With a location as iconic as Jewel, it is an "image booster" for the brand as it is showcased in the "right setting", noted the Hong Kong-based executive. Singapore is an ideal test bed for new concepts and products for the brand, he added.

"At Jewel, we get travel traffic from around the world," he said. "When you do something in Singapore, you get noticed by the right people."

Samsonite Black Label is the brand's high-end range that appeals to luxury or business travellers, while American Tourister appeals more to millennials and families with a more affordable price point.

As a regional gateway, Singapore counts among Samsonite's key markets, Mr Dutta said.

"Airports matter when it comes to expansion," he explained. "Likewise in Hong Kong, these are the hubs where travellers go through - that is another reason why Jewel is very important to us."

Satish Peerubandi, general manager of Samsonite Singapore, Malaysia, Philippines and Indochina, said that Singapore has registered double-digit revenue growth in the past three years.

He attributes this to the strength of their brands and the robustness of Singapore's economy, which has also seen record levels of tourism.

E-commerce sales - which currently make up about 8 per cent of Singapore's revenue - are also expected to pick up pace and further lift sales, Mr Peerubandi said.

He added: "We have had a fantastic three years, and I don't see why we cannot continue this trend in 2019."

For the whole of Asia-Pacific, Samsonite's main markets for the financial year ended 2018 are China, South Korea, Hong Kong, India, and Japan, with Singapore coming in eighth place.

Revenue from the Asia Pacific region (which includes the United Arab Emirates) amounted to US$1.32 billion for FY18, coming in a close second to the US$1.48 billion turnover seen in North America.

Mr Dutta is confident that there is still room to grow in Asia-Pacific, with its large population and growing middle class.

"Asia's story has hardly been told - I think we are not even covering 10 per cent of that (potential)," he said. "Asia will definitely be a growth engine for a long time."

This is also where Samsonite's multi-brand portfolio comes into play.

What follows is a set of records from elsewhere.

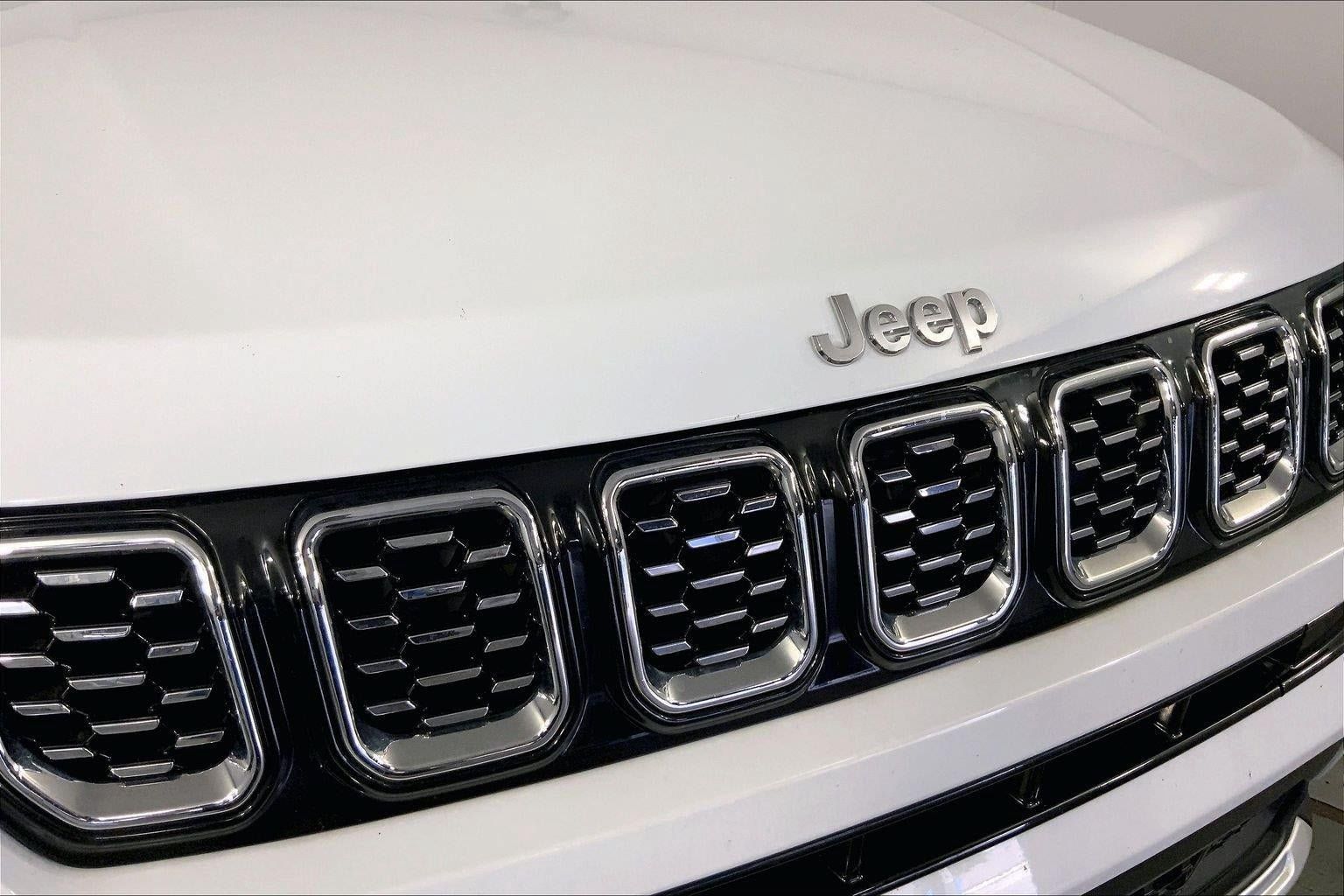 Used 2025 Jeep Compass Limited AWD/4WD image 28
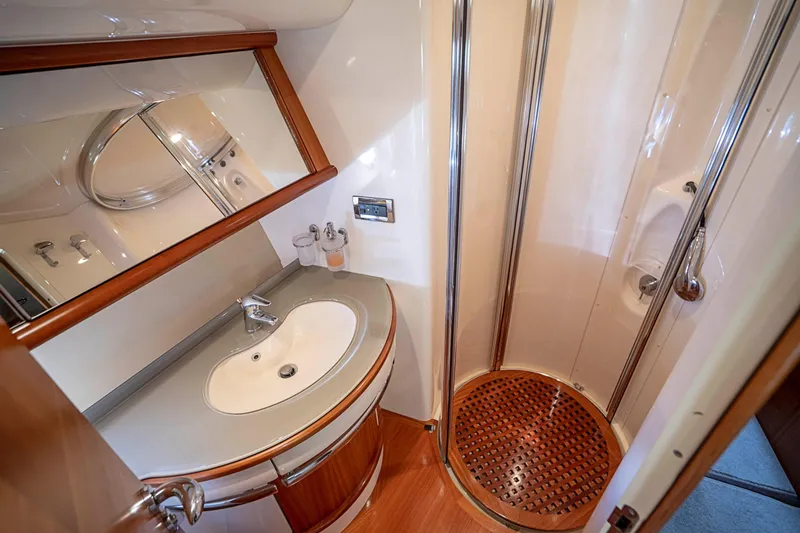 2008 Azimut 62E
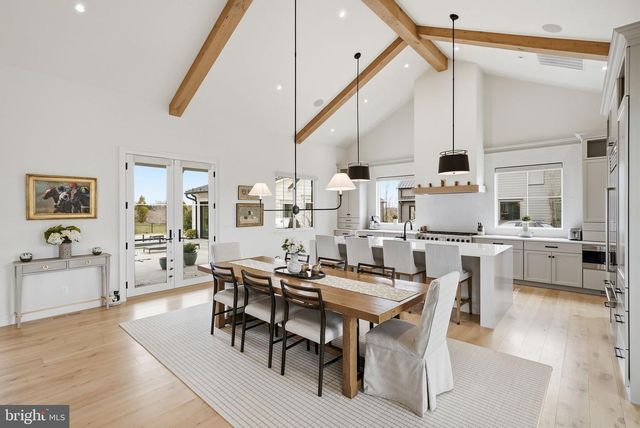 604 MARTINGALE RIDGE DR, Middleburg, VA 20117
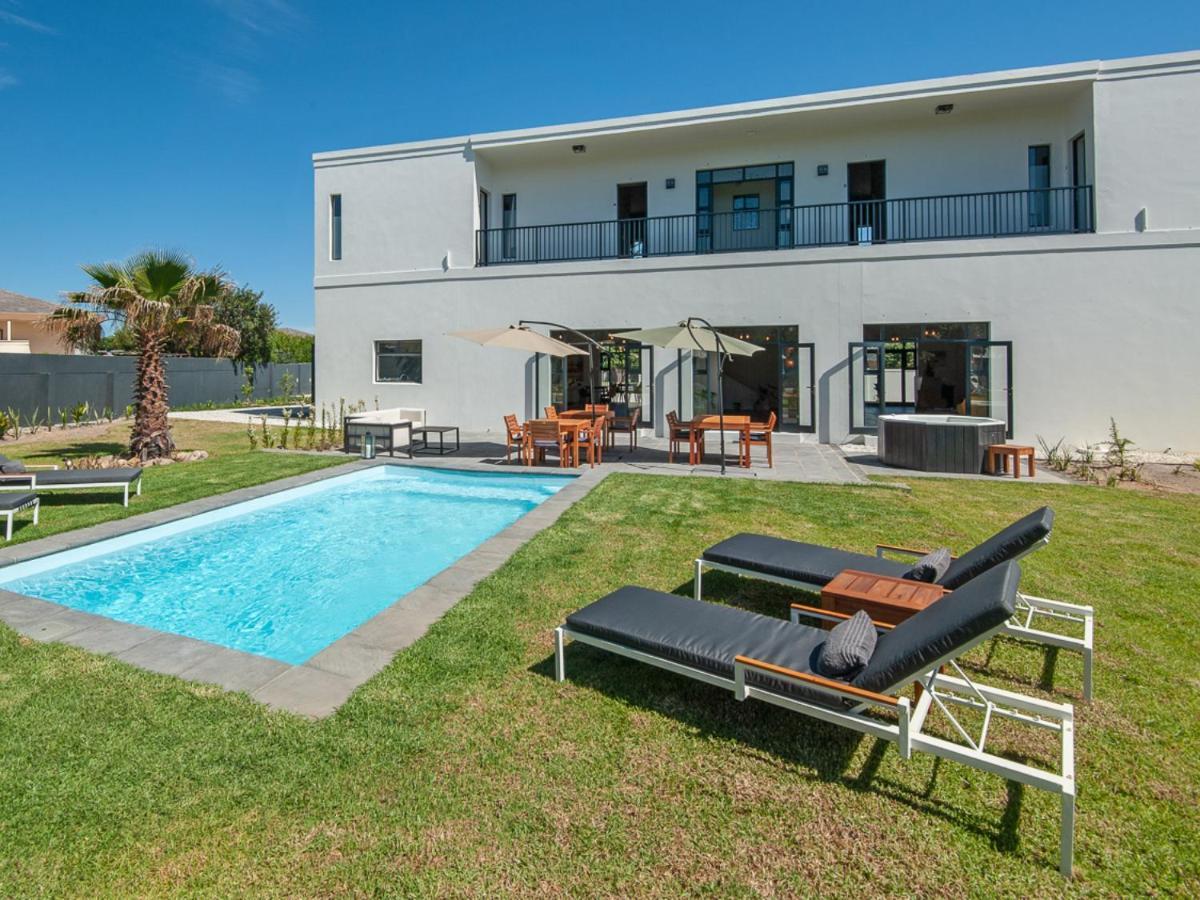 Glow Boutique Suites & Guesthouse Hermanus Esterno foto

With the diversity in Asia, ranging from developed markets such as Japan to the developing countries in Asean, there are brands catering for every kind of need, he said.

For example, the American Tourister brand is the big player in Asean region, rather than the higher-end Samsonite and Tumi labels, he explained. In Japan, it is the reverse.

With the rise of Asia as the next biggest market for Samsonite, it has also started to tailor-make products specifically for the Asian consumer, instead of just pushing out the same products to the whole world.

Samsonite's latest Polygon range is one that targets the Asian traveller in mind. As Asians tend to be bigger shoppers, the luggage's storage structure allows space to be maximised, says Mr Dutta. And because train travel is common in the region, the luggage also has a unique braking system on its wheels.

"These are all innovations that originate from needs in Asia," he added.

Mr Dutta remains optimistic on the growth prospects of the region's travel industry, despite looming dark clouds from the US-China trade war and slowing global growth.

There might be a pause in tourism due to diplomatic or economic considerations, but he said that the effects are likely to be minimal.

"In the longer time frame, people get used to it," he explained. "People are now much more resilient and travel is now a lot less impacted by economy and instances in various countries like terrorism."

The only challenge that he sees ahead is the ability to keep one step ahead of what consumers want. "It's all about innovation, innovation, innovation," he said. "Our only risk is if we ever stop innovating."